Eliminar os gargalos necessitará bilhões de dólares em investimentos durante vários anos. Até que isso aconteça, as previsões são de que as exportações cresçam, sendo que os embarques de milho deverão crescer a cada ano durante a próxima década – de 54 milhões de toneladas para 77 milhões de toneladas -, segundo o Instituto de Pesquisas sobre Políticas Alimentares e Agricultura.
Custos adicionais por conta dos maiores gargalos só vão prejudicar agricultores americanos num setor extremamente competitivo no mundo. "Nessa atividade, preço é o que continua mandando", afirma Larry Jansky, negociante-sênior de commodities agrícolas na North Pacific , em Portland, no Estado de Óregon. "Dois ou três dólares por tonelada é a diferença entre ganhar ou não uma concorrência".
As exportações agrícolas no ano passado totalizaram pouco menos de US$ 90 bilhões. Se os Estados Unidos perderem somente 1% ou 2% desse mercado para países exportadores em rápido crescimento – como a Argentina -, isso poderá subtrair entre US$ 900 milhões e US$ 1,8 bilhão da economia.
De acordo com alguns economistas, os custos de transporte mais elevados podem prejudicar tanto agricultores como consumidores. Isso ocorre porque as companhias operadoras de elevadores de grãos ou de barcaças podem cobrir seus custos mais altos pagando aos agricultores um pouco menos por seu grão, ou cobrando dos consumidores um pouco mais pela mercadoria. O Departamento de Agricultura dos EUA (USDA) não monitora o custo que os gargalos no sistema de transportes acrescentam anualmente ao preço dos alimentos.
Operadoras de elevadores de grãos ganharam prática no armazenamento de grãos a céu aberto, usando plataformas de concreto e lonas para garantir que apenas uma fração da colheita seja perdida, disse Marvin Prater, economista do USDA.

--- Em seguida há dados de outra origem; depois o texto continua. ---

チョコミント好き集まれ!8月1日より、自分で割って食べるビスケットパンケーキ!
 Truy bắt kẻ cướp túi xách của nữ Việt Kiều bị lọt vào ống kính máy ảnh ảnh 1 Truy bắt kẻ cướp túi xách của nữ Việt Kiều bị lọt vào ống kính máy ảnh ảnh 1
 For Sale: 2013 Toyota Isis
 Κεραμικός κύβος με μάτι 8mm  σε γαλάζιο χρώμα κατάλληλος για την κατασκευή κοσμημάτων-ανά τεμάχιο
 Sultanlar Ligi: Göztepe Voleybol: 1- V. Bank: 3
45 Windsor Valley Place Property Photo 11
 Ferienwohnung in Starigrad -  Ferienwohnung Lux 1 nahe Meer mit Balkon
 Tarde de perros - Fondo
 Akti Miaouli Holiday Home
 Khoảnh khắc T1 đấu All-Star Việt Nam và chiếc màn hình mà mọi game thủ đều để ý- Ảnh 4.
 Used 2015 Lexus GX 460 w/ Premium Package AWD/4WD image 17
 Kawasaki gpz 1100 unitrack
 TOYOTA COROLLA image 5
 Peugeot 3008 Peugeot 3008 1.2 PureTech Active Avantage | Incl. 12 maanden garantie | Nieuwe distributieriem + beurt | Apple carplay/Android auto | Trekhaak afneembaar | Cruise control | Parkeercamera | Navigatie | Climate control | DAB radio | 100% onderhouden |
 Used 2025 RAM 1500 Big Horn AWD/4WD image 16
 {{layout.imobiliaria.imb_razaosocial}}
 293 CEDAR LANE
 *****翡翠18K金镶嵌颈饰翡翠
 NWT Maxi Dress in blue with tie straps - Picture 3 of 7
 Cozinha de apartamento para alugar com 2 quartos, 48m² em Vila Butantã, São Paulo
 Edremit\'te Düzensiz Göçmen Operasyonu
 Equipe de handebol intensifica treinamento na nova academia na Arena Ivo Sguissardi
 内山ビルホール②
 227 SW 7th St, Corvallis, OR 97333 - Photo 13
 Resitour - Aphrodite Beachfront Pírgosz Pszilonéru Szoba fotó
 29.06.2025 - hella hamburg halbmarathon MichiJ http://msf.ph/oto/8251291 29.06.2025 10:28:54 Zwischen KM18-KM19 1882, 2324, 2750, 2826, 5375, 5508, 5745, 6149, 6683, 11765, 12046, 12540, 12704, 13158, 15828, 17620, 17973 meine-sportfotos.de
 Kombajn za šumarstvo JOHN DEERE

Porém, mesmo nas melhores condições, a armazenagem de grãos a céu aberto implica que a carga precisa ser "manuseada duas vezes", por ser colocada, primeiro, fora do silo, depois recolhida para ser colocada no silo e somente então despejada num vagão ferroviário. Em contraste, quando as coisas funcionam a contento, os grãos são carregados dos caminhões dos agricultores diretamente nos elevadores de grãos cujos funis os despejam em vagões ferroviários que já os aguardam. O duplo manuseio acrescenta entre 10 e 15 centavos de dólar por bushel, diz Prater.
A Associação das Ferrovias Americanas (AFA) estima que custará cerca de US$ 148 bilhões para expandir as linhas ferroviárias nos próximos 30 anos, para dar conta do crescimento da demanda. Mas a associação diz que as companhias ferroviárias podem apenas arcar com de 70% dos custos necessários.
A AFA e as companhias que operam no setor de agronegócios estão apoiando a aprovação de uma legislação que ofereceria créditos tributários para investimentos na expansão da capacidade de transporte ferroviário.
As barcaças que descem o Mississippi são há muito tempo uma alternativa de transporte mais barato para agricultores com acesso ao rio. Mas o seu tráfegi é dificultado por comportas e barragens construídas na era da Depressão. Esses atrasos acrescentam cerca de 50 horas ao tempo de viagem ao longo do trecho superior do Mississippi, segundo cálculos de Scott Whitney, gestor do Corps.
Os maiores gargalos estão nos movimentados portos americanos, onde os produtos agrícolas são carregados em navios oceânicos. Com o passar dos anos, os exportadores passaram a despachar cada vez mais os grãos alugando contêineres vazios que traziam bens de consumo para os EUA provenientes de outros mercados extrangeiros, como a China. Mas como essas importações diminuíram, as exportações estão sujeitas a maiores esperas, e a pagar mais, para conseguir espaço em navios que seguem para o exterior, disse Jansky, o comerciante de grãos em Portland.
Jansky disse que o custo de alugar um contêiner de 20 pés mais que dobrou, para US$ 1,7 mil, apenas nos últimos 10 meses.